HOW TO COMPLETE THIS TASK: Return every line of the data below word for word, including the punctuation.

MATERIAL SUPPLIED:

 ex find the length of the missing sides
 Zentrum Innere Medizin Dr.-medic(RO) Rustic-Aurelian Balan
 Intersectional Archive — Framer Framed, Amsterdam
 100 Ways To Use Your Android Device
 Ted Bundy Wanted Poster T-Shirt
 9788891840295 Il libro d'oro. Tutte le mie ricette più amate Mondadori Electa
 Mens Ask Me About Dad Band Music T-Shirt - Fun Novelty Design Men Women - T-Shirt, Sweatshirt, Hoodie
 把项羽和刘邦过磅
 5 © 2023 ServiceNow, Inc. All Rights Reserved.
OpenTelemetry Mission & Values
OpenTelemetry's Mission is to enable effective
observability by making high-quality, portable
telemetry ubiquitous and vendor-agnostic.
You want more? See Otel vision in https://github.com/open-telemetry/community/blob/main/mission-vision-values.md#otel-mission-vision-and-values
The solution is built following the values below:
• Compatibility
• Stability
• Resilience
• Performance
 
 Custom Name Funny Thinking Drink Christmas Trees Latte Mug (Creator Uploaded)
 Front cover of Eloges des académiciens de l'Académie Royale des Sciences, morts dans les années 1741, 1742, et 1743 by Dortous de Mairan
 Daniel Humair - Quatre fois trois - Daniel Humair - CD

TASK SOLUTION:
 ex find the length of the missing sides
 Zentrum Innere Medizin Dr.-medic(RO) Rustic-Aurelian Balan
 Intersectional Archive — Framer Framed, Amsterdam
 100 Ways To Use Your Android Device
 Ted Bundy Wanted Poster T-Shirt
 9788891840295 Il libro d'oro. Tutte le mie ricette più amate Mondadori Electa
 Mens Ask Me About Dad Band Music T-Shirt - Fun Novelty Design Men Women - T-Shirt, Sweatshirt, Hoodie
 把项羽和刘邦过磅
 5 © 2023 ServiceNow, Inc. All Rights Reserved.
OpenTelemetry Mission & Values
OpenTelemetry's Mission is to enable effective
observability by making high-quality, portable
telemetry ubiquitous and vendor-agnostic.
You want more? See Otel vision in https://github.com/open-telemetry/community/blob/main/mission-vision-values.md#otel-mission-vision-and-values
The solution is built following the values below:
• Compatibility
• Stability
• Resilience
• Performance
 
 Custom Name Funny Thinking Drink Christmas Trees Latte Mug (Creator Uploaded)
 Front cover of Eloges des académiciens de l'Académie Royale des Sciences, morts dans les années 1741, 1742, et 1743 by Dortous de Mairan
 Daniel Humair - Quatre fois trois - Daniel Humair - CD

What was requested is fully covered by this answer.